LAHORE, June 4: Indian Petroleum Minister Mani Shankar Aiyar said on Saturday that Pakistan and India would assess the region’s petro-carbo potential during the three-day talks beginning in Islamabad on Monday (tomorrow). “Iranian and Central Asian gas reserves are our joint targets of interest. For us these (gas) reserves are not an alternative but additional source of energy. And besides discussing them, we would also assess the economics of their transmission,” he said.

He said India would immediately start supplying diesel to Pakistan at competitive rates provided the latter removed diesel from the negative list. “We can supply it to you from Karachi and other western or northern areas, and through a pipeline from Panipatt if we are able to evolve a stable and steady (diesel) relation.”

Speaking at a Safma (South Asian Free Media Association) reception soon after his arrival in Lahore through Wagah border for the three-day talks, he claimed that the US had not officially conveyed its objection to the Iran-Pakistan-India gas pipeline to New Delhi.

“It was expressed by Secretary of State Condoleezza Rice while replying to a question at a press briefing and I had conveyed to the US ambassador in New Delhi that we are aware of his country’s concerns about the pipeline and hope that it, too, is aware of our energy needs,” he said.

He said Pakistan had recognized the US concern over the pipeline, but the talks would continue on the proposed project because of the growing energy needs of both countries.

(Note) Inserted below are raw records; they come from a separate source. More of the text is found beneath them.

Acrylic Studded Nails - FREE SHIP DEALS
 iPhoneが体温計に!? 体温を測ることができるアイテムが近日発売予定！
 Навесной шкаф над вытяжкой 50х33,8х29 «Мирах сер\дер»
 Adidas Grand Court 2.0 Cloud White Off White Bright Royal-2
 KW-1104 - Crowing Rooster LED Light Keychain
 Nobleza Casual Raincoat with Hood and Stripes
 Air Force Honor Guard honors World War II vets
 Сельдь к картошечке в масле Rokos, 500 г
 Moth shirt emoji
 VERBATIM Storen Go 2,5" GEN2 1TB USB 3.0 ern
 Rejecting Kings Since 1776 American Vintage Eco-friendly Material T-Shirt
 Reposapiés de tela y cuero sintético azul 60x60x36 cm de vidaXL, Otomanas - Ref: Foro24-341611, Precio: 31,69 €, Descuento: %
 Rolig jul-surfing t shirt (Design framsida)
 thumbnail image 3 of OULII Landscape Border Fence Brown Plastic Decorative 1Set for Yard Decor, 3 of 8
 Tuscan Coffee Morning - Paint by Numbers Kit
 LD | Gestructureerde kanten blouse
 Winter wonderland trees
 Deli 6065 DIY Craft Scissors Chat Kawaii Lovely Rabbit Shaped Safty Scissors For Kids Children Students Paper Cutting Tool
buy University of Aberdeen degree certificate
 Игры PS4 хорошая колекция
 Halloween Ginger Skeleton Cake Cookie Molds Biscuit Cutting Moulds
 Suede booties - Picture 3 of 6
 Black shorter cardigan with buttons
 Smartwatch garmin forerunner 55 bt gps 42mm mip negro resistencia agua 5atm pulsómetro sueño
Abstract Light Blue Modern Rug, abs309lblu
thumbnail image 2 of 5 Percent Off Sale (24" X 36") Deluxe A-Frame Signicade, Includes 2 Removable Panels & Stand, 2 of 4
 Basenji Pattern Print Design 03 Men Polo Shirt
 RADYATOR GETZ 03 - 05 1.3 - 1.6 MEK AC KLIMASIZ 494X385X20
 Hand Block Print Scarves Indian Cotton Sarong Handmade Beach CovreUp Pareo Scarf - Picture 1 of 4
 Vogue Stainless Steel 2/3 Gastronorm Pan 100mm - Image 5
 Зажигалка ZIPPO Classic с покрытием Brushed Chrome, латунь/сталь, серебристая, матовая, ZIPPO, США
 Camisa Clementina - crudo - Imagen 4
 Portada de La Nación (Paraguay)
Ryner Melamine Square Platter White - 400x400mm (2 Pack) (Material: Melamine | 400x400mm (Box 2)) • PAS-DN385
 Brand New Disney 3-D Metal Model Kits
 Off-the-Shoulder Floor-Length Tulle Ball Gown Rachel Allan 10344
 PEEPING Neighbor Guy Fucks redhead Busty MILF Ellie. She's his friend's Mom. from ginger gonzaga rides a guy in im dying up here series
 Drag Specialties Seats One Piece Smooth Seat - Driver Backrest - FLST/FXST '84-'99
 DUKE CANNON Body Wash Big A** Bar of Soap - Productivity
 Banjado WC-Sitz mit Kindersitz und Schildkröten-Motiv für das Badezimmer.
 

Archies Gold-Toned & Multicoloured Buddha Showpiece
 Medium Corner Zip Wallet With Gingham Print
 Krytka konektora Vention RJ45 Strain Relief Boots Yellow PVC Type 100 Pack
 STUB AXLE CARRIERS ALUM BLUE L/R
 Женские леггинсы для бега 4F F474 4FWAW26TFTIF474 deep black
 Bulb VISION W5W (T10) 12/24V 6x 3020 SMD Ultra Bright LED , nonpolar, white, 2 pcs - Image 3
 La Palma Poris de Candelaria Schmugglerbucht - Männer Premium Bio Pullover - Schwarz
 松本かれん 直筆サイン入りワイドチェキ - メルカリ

Accompanied by senior officials of his ministry, members of the family and a press corps, the Indian petroleum minister later attended a reception at the Lakshmi Mansion where he was born 64 years ago. “This is my home,” he said while recalling his family’s days in Lahore and other cities in Pakistan before independence.

He will proceed to Islamabad for talks on Sunday (today) and spend a day in Karachi afterwards where he had served as India’s consul general for three years.

Referring to the dialogue on gas pipelines to India through Pakistan, he said it would be based on the three communiques issued after foreign ministers Kasuri and Natwar Singh’s meeting on Sept 6 last year and the Musharraf-Manmohan meetings on Sept 24 last year and in April this year.

“I and my Pakistani counterpart, Amanullah Jadoon, will assess the petro-carbon potential in the region and our needs in the light of these declarations. Gas in Iran is the largest sector after Russia and it is our joint target of interest,” Mr Aiyar said.

He said both sides would discuss gas supply from Turkmenistan via Hindukush or Herat (Afghanistan) and from Iran via Balochistan to Northern India, and asses which was the economical source.